I don't have any employees at this time, but I do have experience with pay for production. If a driver was driving my truck efficiency would be part of the incentive, but I would observe him plowing before giving him a bonus for being fast. When parts start falling off of the truck I would be paying again, if you know what I mean. I think I would base my incentives on, reliability, flexibility, customer compliments, my own observations, demenstrated care for equipment, efficiency, independence, and compliance to procedures.


----------



## plowguy06 (May 13, 2001)

I am 13 1/2 and I shovel sidewalks and steps and I get 10 bucks a job. for what I do it seems kind of high, it only takes me about 10 minutes. If I do the same job with a snowblower, it takes me 5 minutes


----------



## litle green guy (Feb 25, 2000)

I run a skidsteer with a pusherbox and get $13.00 per hour, when I was on the sidewalk crew I got the same. I'm not realy sure what the other guys get, but two of my friends work for the company too and both get 12.00, one drives a truck and the other does whatever they tell him to do, sometimes he drives, sometimes he does sidewalks.


----------



## FifthAve (Jan 29, 2001)

Trimline-$6:00 an hour and like it?
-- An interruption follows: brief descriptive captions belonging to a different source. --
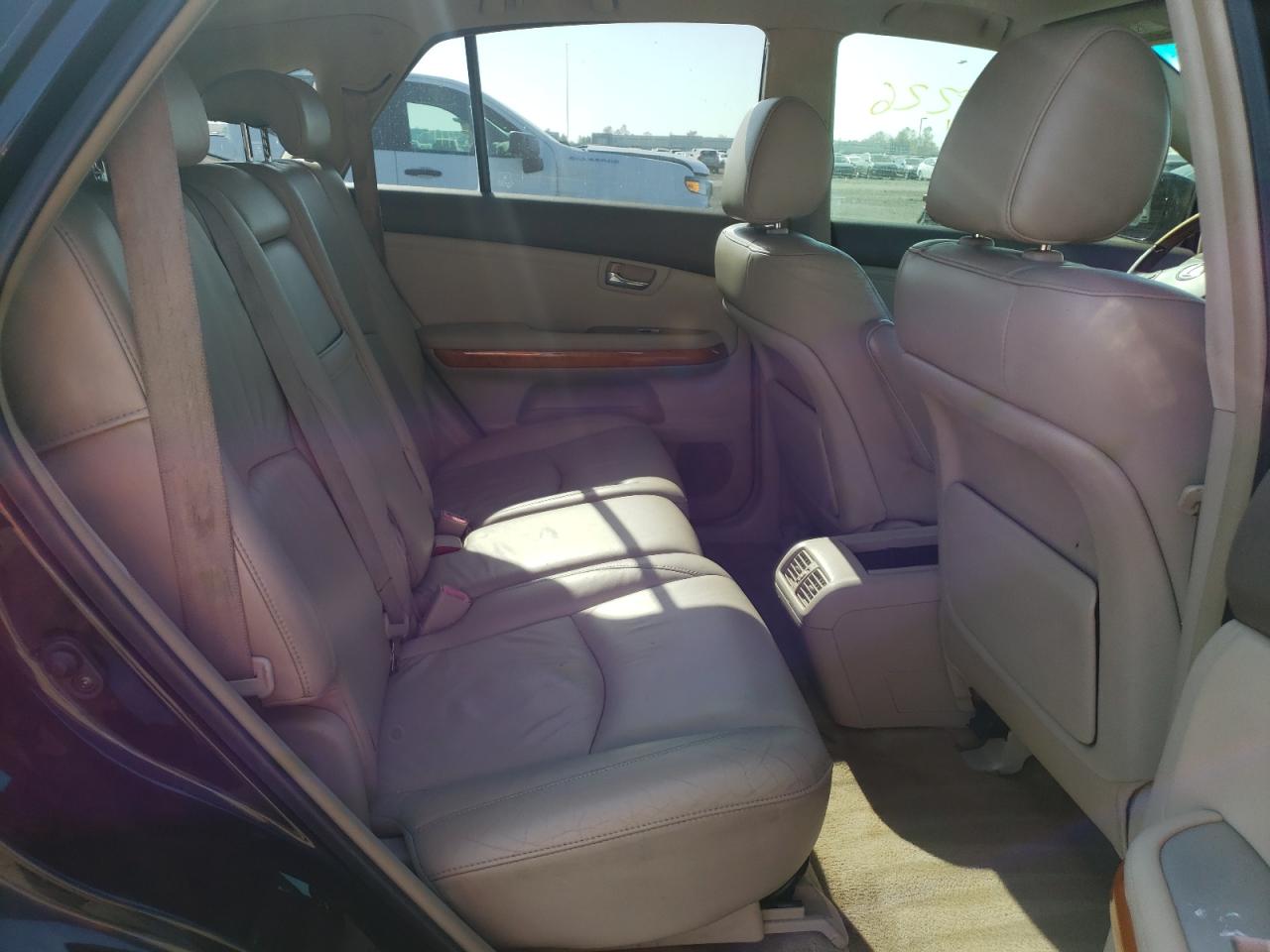 Photo 6 from auction – 2004 LEXUS RX 330 with VIN JTJGA31U540035733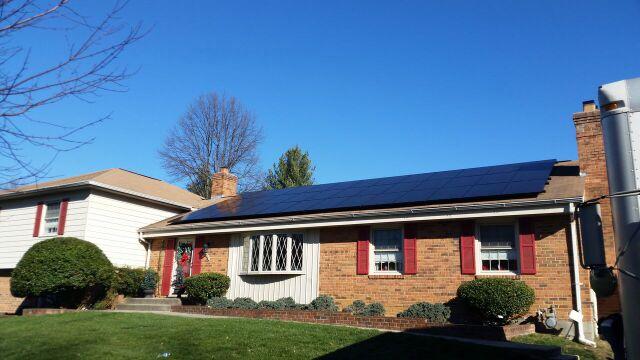 (39) LG Mono X 300w Black on Black 11.7kw producing 15,800 kwh of solar energy per year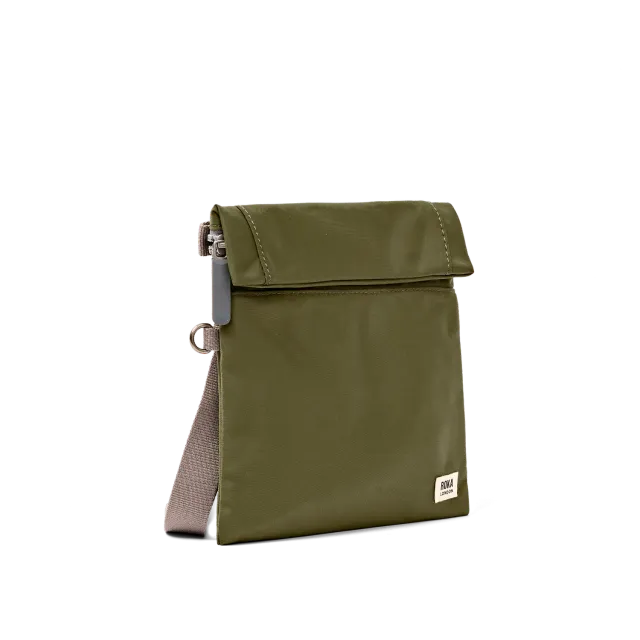 Roka London Stratford crossbody taske Chive S vandafvisende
I dont think that such a person exists any were in this country!plus I couldent sleep at night knowing the ching Im pulling down during a storm! we pay our shovelers 12 an hour buy all ther coffee and food and usually work at least 14 hours,(I bet 1/2 the time the do nothing but stand by the side while the drivers push)our drivers of our trucks get 32 per hour Is this considered high or low? how much do you pay subs who use there oun trucks and equipment?


----------



## thelawnguy (May 20, 2001)

Considering the minimum legal wage is $6.25+ an hour...


----------